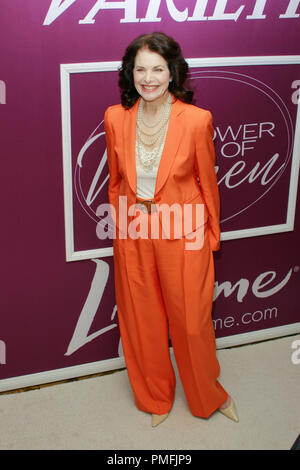 Sherry Lansing alla varietà del primo annuale di potere delle donne il pranzo. Gli arrivi presso il Beverly Wilshire Hotel di Beverly Hills, CA, 24 settembre 2009. Foto © Giuseppe Martinez / Picturelux Riferimento File # 30079 06JM per solo uso editoriale - Tutti i diritti riservati Foto Stock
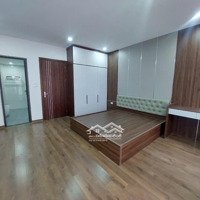 Bán Nhà Nguyễn Văn Cừ 70M2* 6 Tầng* 12.2 Tỷ, Thang Máy, Full Nội Thất Nhập Khẩu.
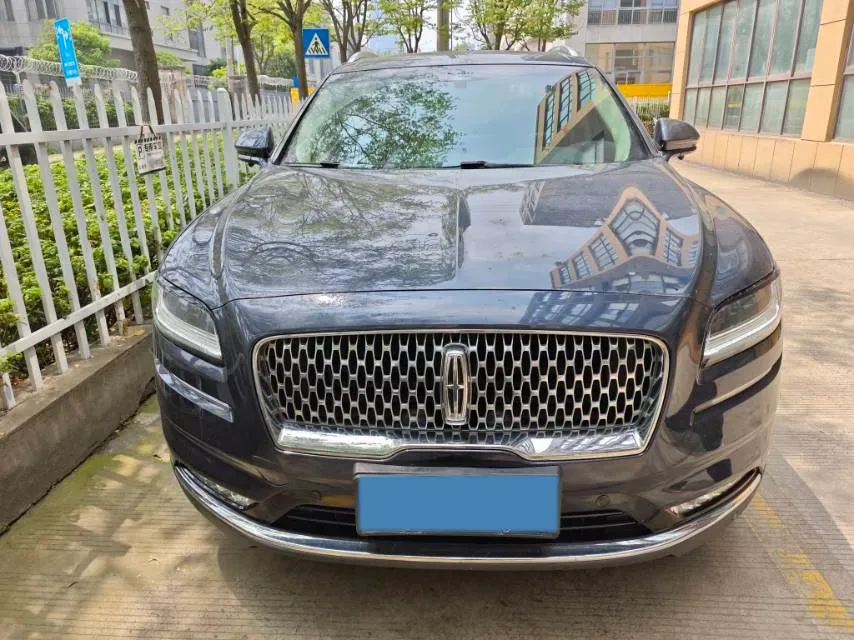 2021 Lincoln Nautilus 2.0T 245HP L4 8AT,autocango,china used car exporter,china ev exporter,chinese used car exporter,chinese used ev exporter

• _Requirement_: Leaving the pictures behind, return every line above exactly.

• _Response for this exercise_:
 Sherry Lansing alla varietà del primo annuale di potere delle donne il pranzo. Gli arrivi presso il Beverly Wilshire Hotel di Beverly Hills, CA, 24 settembre 2009. Foto © Giuseppe Martinez / Picturelux Riferimento File # 30079 06JM per solo uso editoriale - Tutti i diritti riservati Foto Stock
 Bán Nhà Nguyễn Văn Cừ 70M2* 6 Tầng* 12.2 Tỷ, Thang Máy, Full Nội Thất Nhập Khẩu.
 2021 Lincoln Nautilus 2.0T 245HP L4 8AT,autocango,china used car exporter,china ev exporter,chinese used car exporter,chinese used ev exporter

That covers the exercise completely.